## What to work on
Transcribe the data verbatim and drop its images.

## Recorded data
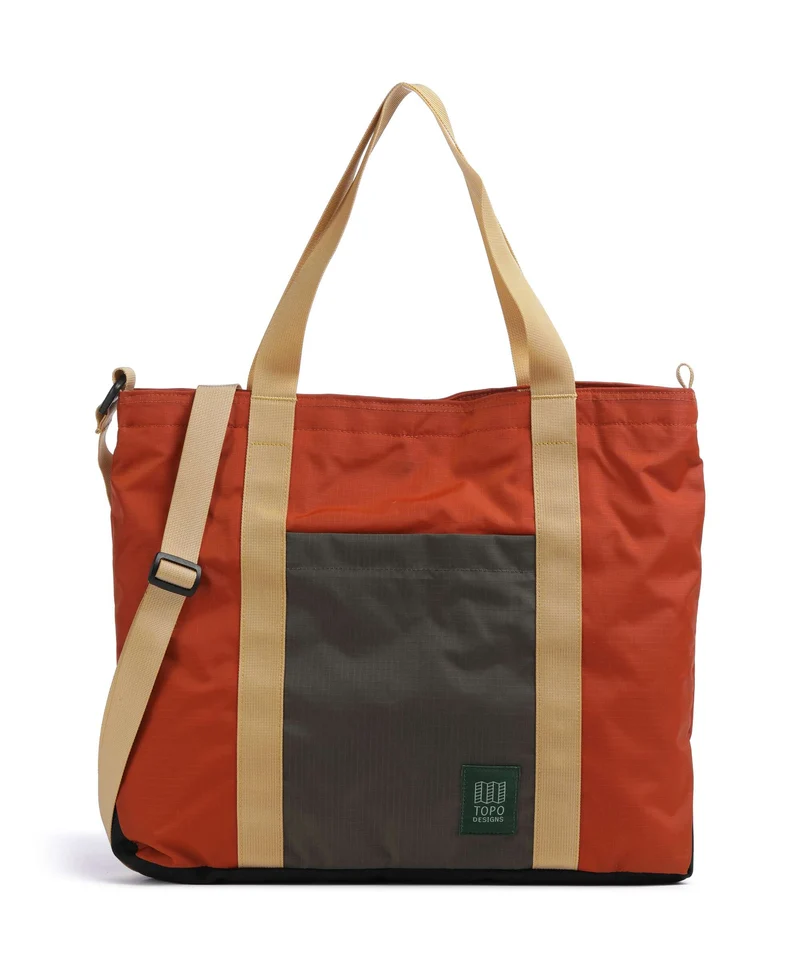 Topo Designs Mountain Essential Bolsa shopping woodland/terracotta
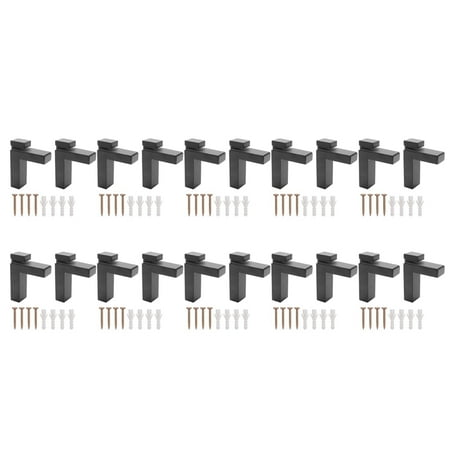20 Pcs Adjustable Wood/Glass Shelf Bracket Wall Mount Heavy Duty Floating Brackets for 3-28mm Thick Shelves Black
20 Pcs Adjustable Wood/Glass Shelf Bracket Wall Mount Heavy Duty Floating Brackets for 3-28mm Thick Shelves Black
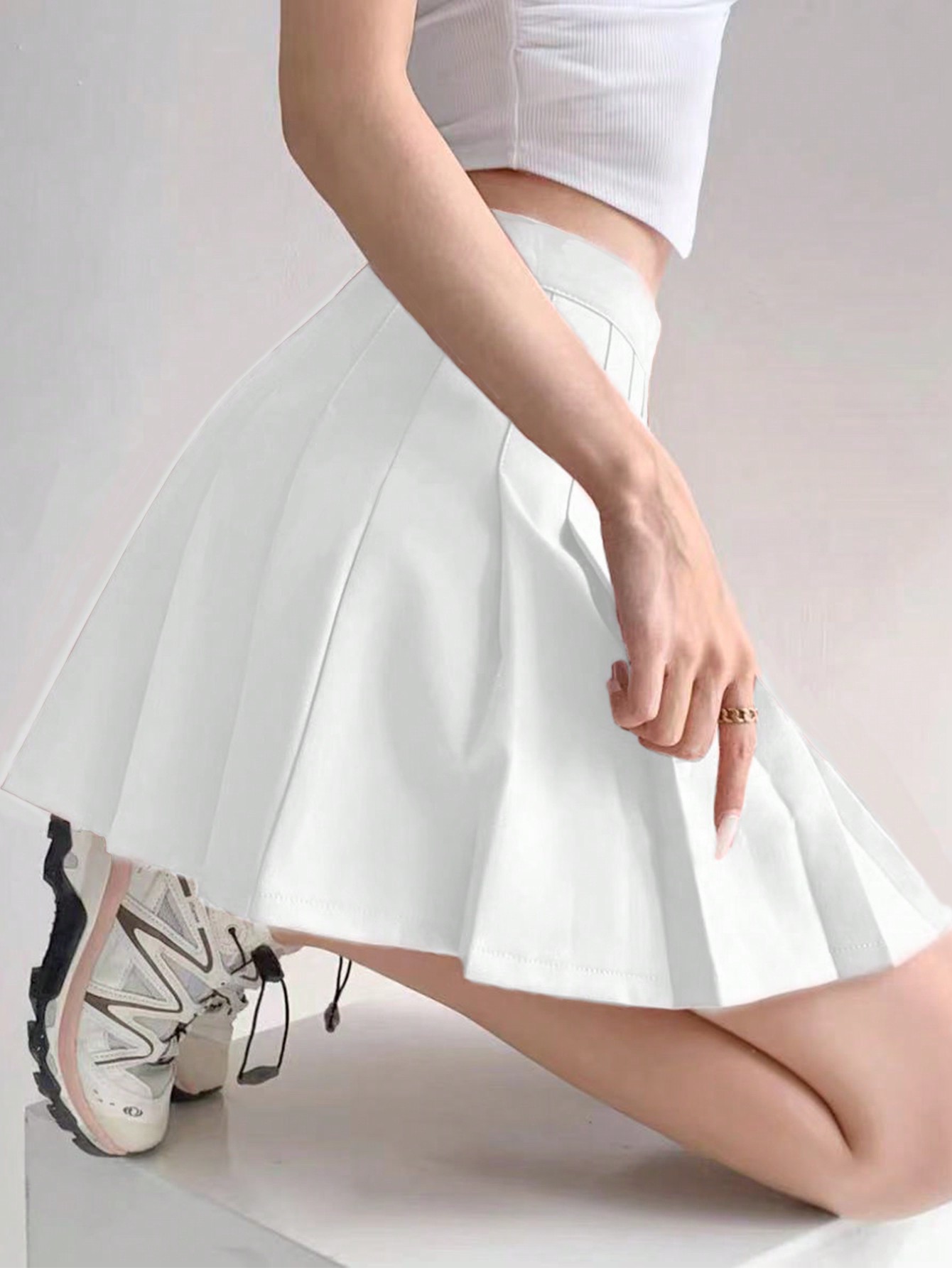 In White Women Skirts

## Answer box
 Topo Designs Mountain Essential Bolsa shopping woodland/terracotta
20 Pcs Adjustable Wood/Glass Shelf Bracket Wall Mount Heavy Duty Floating Brackets for 3-28mm Thick Shelves Black
20 Pcs Adjustable Wood/Glass Shelf Bracket Wall Mount Heavy Duty Floating Brackets for 3-28mm Thick Shelves Black
 In White Women Skirts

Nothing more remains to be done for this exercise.